> **DATA BLOCK**

▽

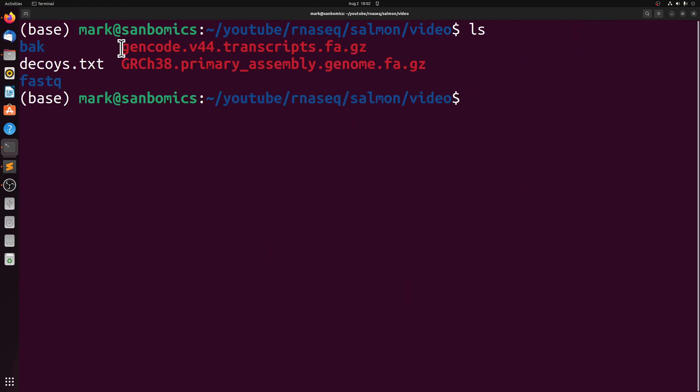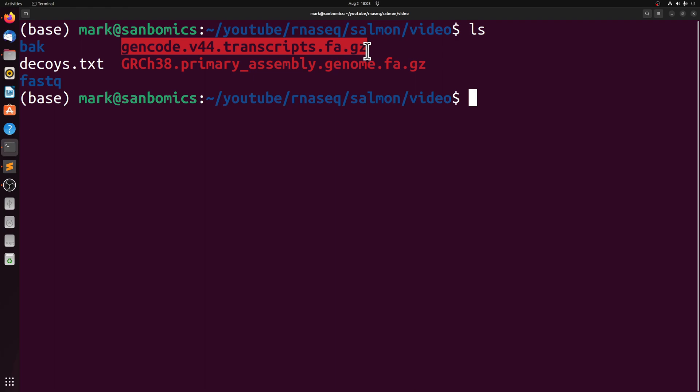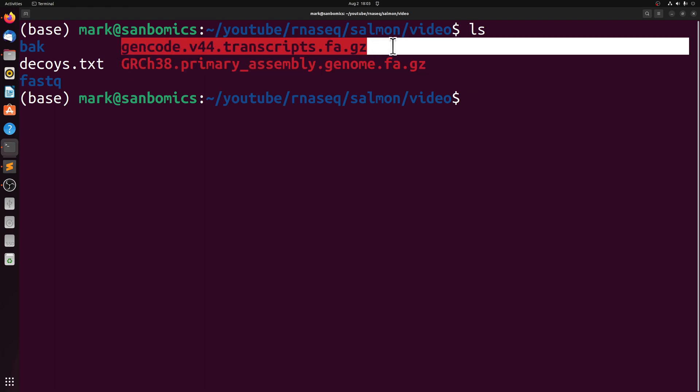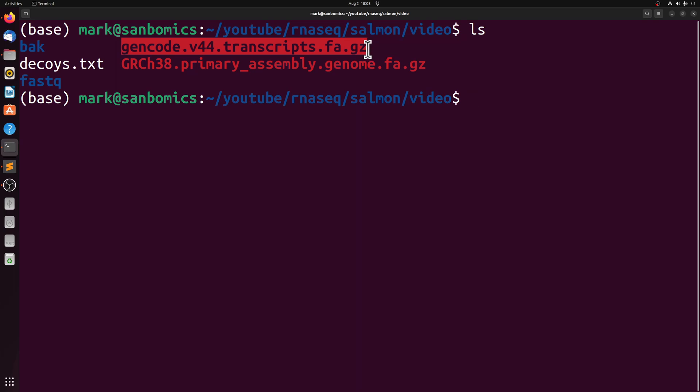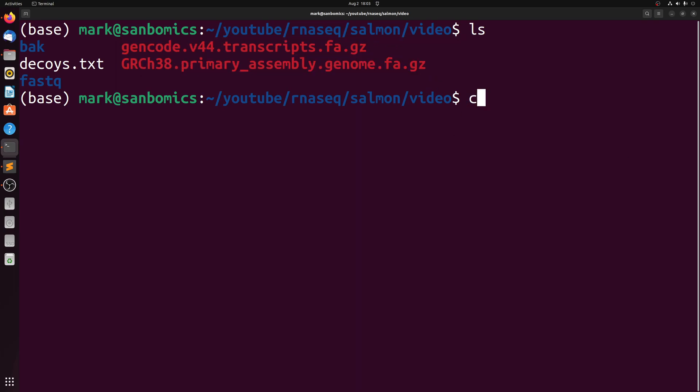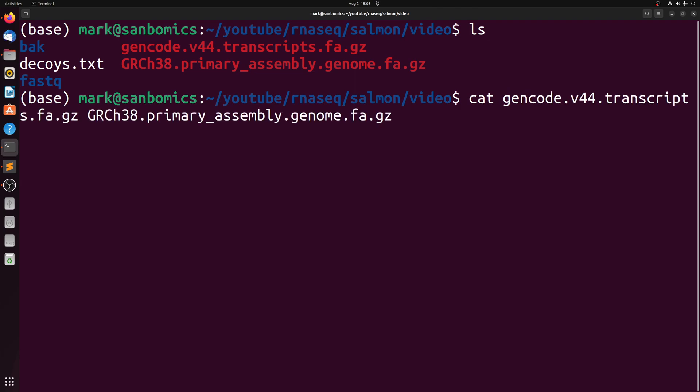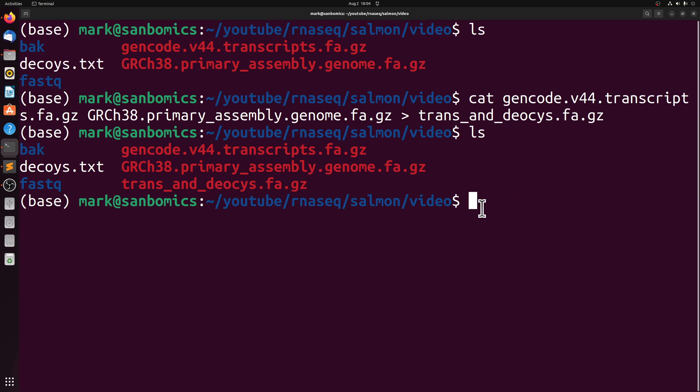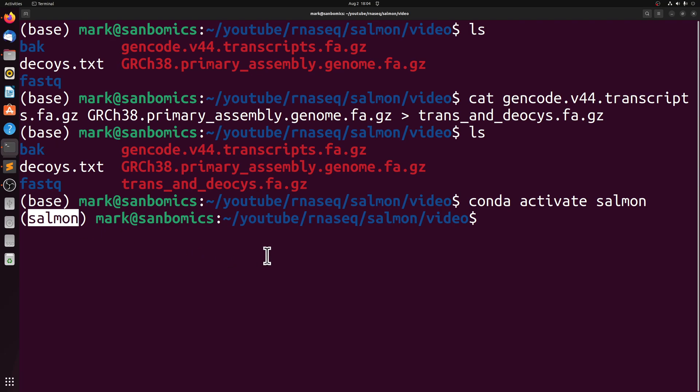The next thing we're going to do is we need to combine the two FASTA files together. The order here is important, so we need the transcripts to be before the decoys sequences. So we're going to cat GenCode transcripts onto the primary assembly, and we can call it whatever we want.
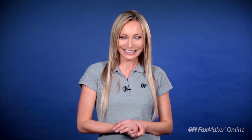That's it. I hope you found this video useful. Be sure to check out our other GFI FaxMaker online videos. Thanks for watching.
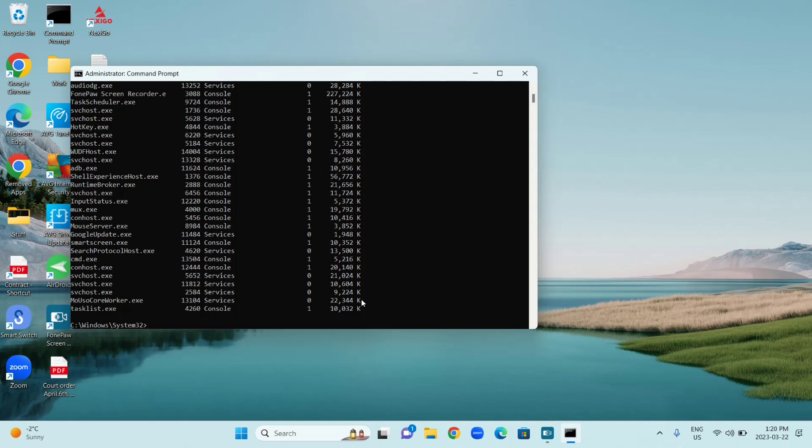Get the name of it and then you're going to type taskkill space slash capital I capital M. Type the name of the program and then dot exe and press Enter, and it'll close the program.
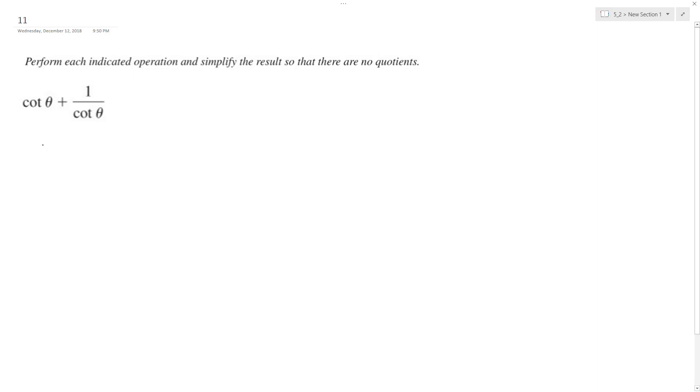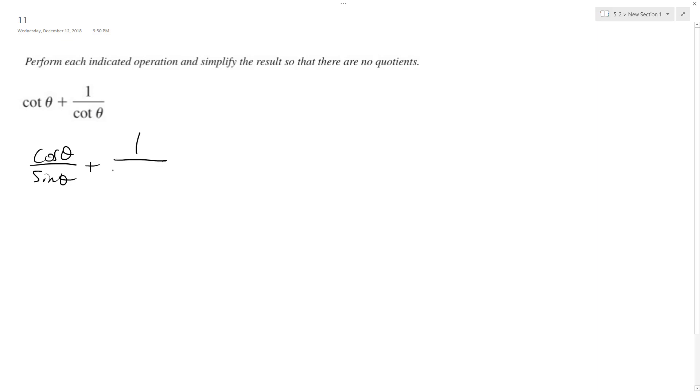So what we're going to do here is I'll break these down to their simplest components. So sine theta, or no, that's not right. It's cosine theta over sine theta. That's the breakdown of the cotangent plus 1 over cosine theta sine theta.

△

> **WORK INSTRUCTIONS**
All of the data should come back exactly as written, but without pictures.

> **SOLVED EXERCISE**
The next thing we're going to do is we need to combine the two FASTA files together. The order here is important, so we need the transcripts to be before the decoys sequences. So we're going to cat GenCode transcripts onto the primary assembly, and we can call it whatever we want.
That's it. I hope you found this video useful. Be sure to check out our other GFI FaxMaker online videos. Thanks for watching.
Get the name of it and then you're going to type taskkill space slash capital I capital M. Type the name of the program and then dot exe and press Enter, and it'll close the program.
So what we're going to do here is I'll break these down to their simplest components. So sine theta, or no, that's not right. It's cosine theta over sine theta. That's the breakdown of the cotangent plus 1 over cosine theta sine theta.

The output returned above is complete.